- [DATA BELOW]:
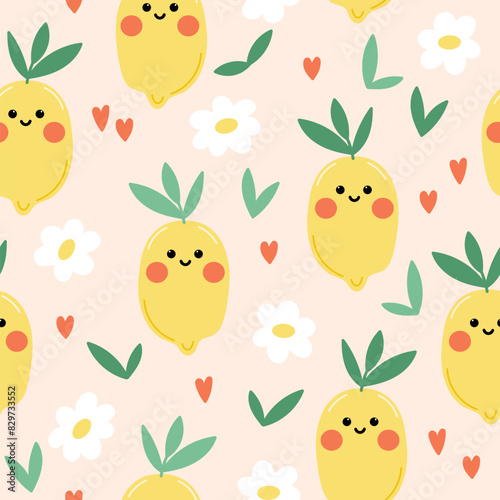 Lemon seamless pattern vector illustration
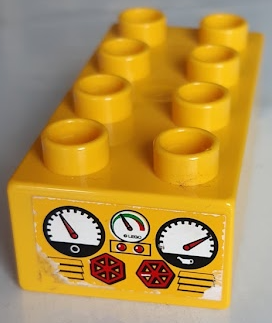 Lego Duplo, Brick 2 x 4 with Gauges and Air Vents Pattern on End (Sticker) - Set 7842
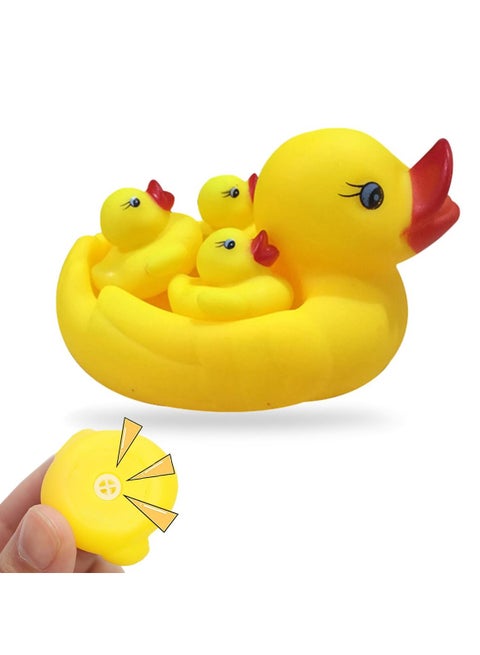 4-Piece Duck Bath Toy Set, Lovely Duck Baby Bathtub Toys,Soft Floating Swimming Duck Water Toys,Duckie Family Bath Toy Set  Floats On Water Bath Toy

- [PROMPT]: Without any pictures, please write out the lines from the one containing "Lego Duplo, Brick" through the final line of the data, exactly and inclusive of both ends.

- [SOLUTION TO THIS TASK]:
 Lego Duplo, Brick 2 x 4 with Gauges and Air Vents Pattern on End (Sticker) - Set 7842
 4-Piece Duck Bath Toy Set, Lovely Duck Baby Bathtub Toys,Soft Floating Swimming Duck Water Toys,Duckie Family Bath Toy Set  Floats On Water Bath Toy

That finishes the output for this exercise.